__Task statement__. The material below holds pictures; leave them out, and copy exactly, and only, the lines from the one with "Wide aerial view" through the last.

__Provided data__.
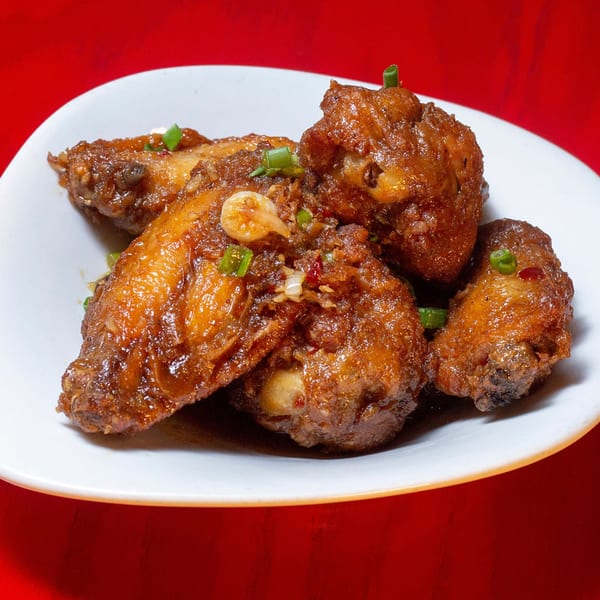 A white plate holds several glistening Asian chicken wings garnished with green onions and garlic.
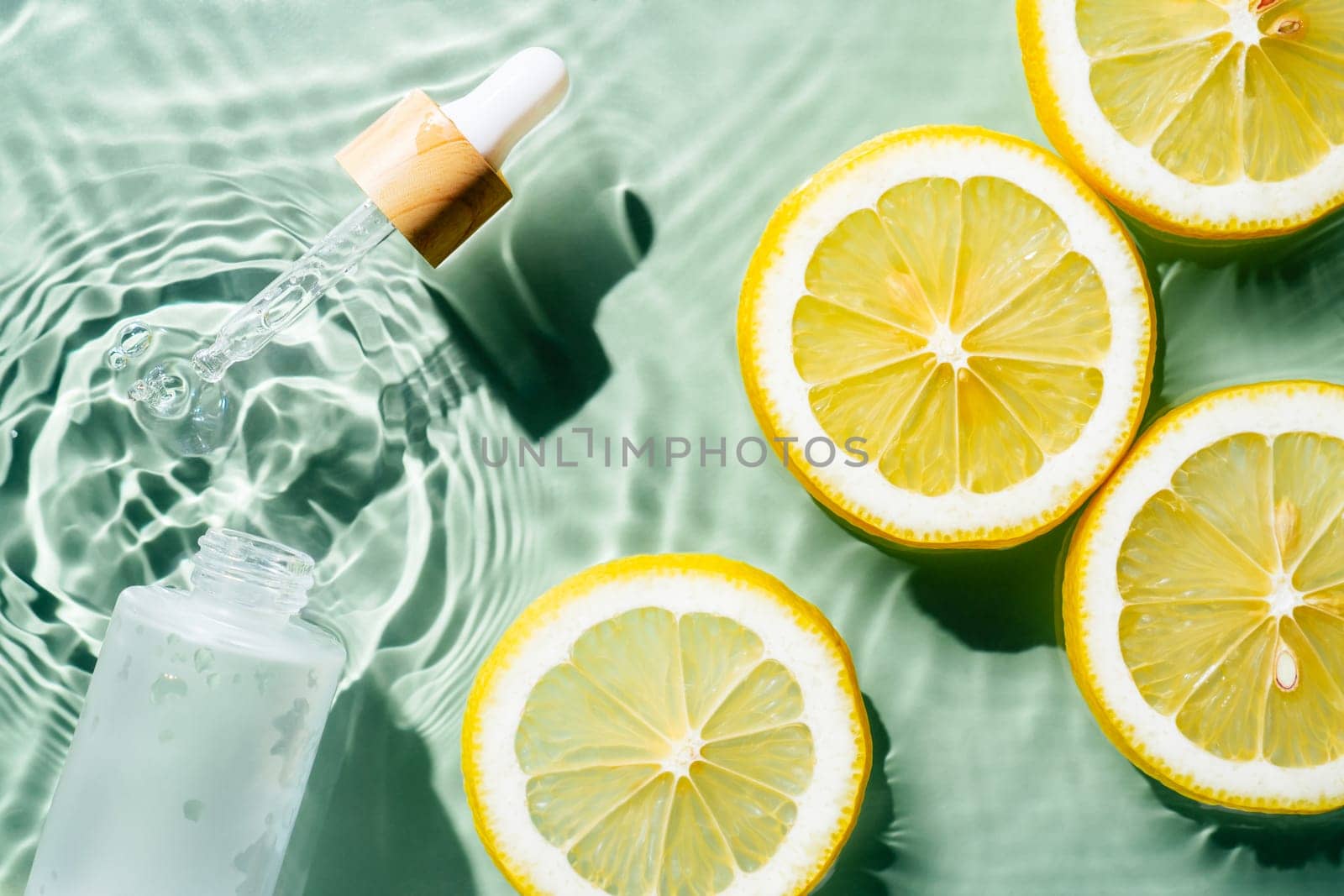 Facial pipette serum, whey beauty product near fruit citrus lemon in water splashing fresh transparent, flecks. Flat lay, top view. Summer beach tropical. Organic skin body antiage care in hot climate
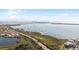 Wide aerial view of coastal area showing waterfront property and calm waters at 10390 Longshore Rd # 83, Placida, FL 33946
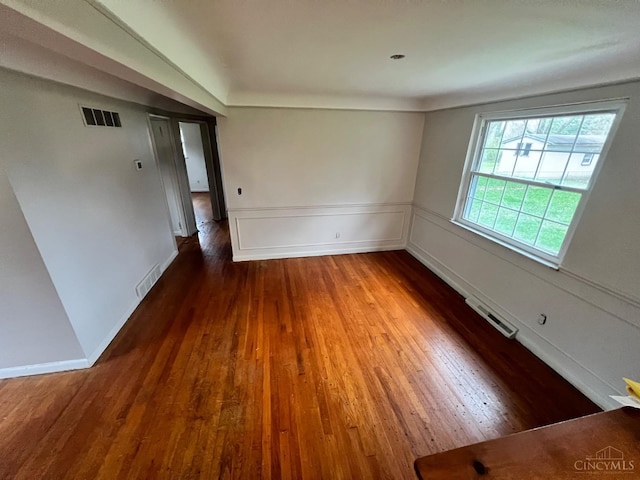 empty room featuring wood-type flooring, wainscoting, and visible vents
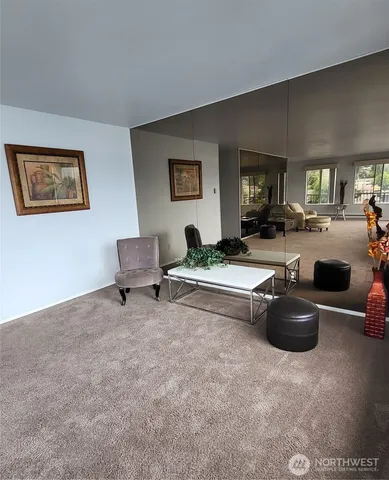 a bathroom with a toilet a sink a mirror and a shower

__Written reply__.
 Wide aerial view of coastal area showing waterfront property and calm waters at 10390 Longshore Rd # 83, Placida, FL 33946
 empty room featuring wood-type flooring, wainscoting, and visible vents
 a bathroom with a toilet a sink a mirror and a shower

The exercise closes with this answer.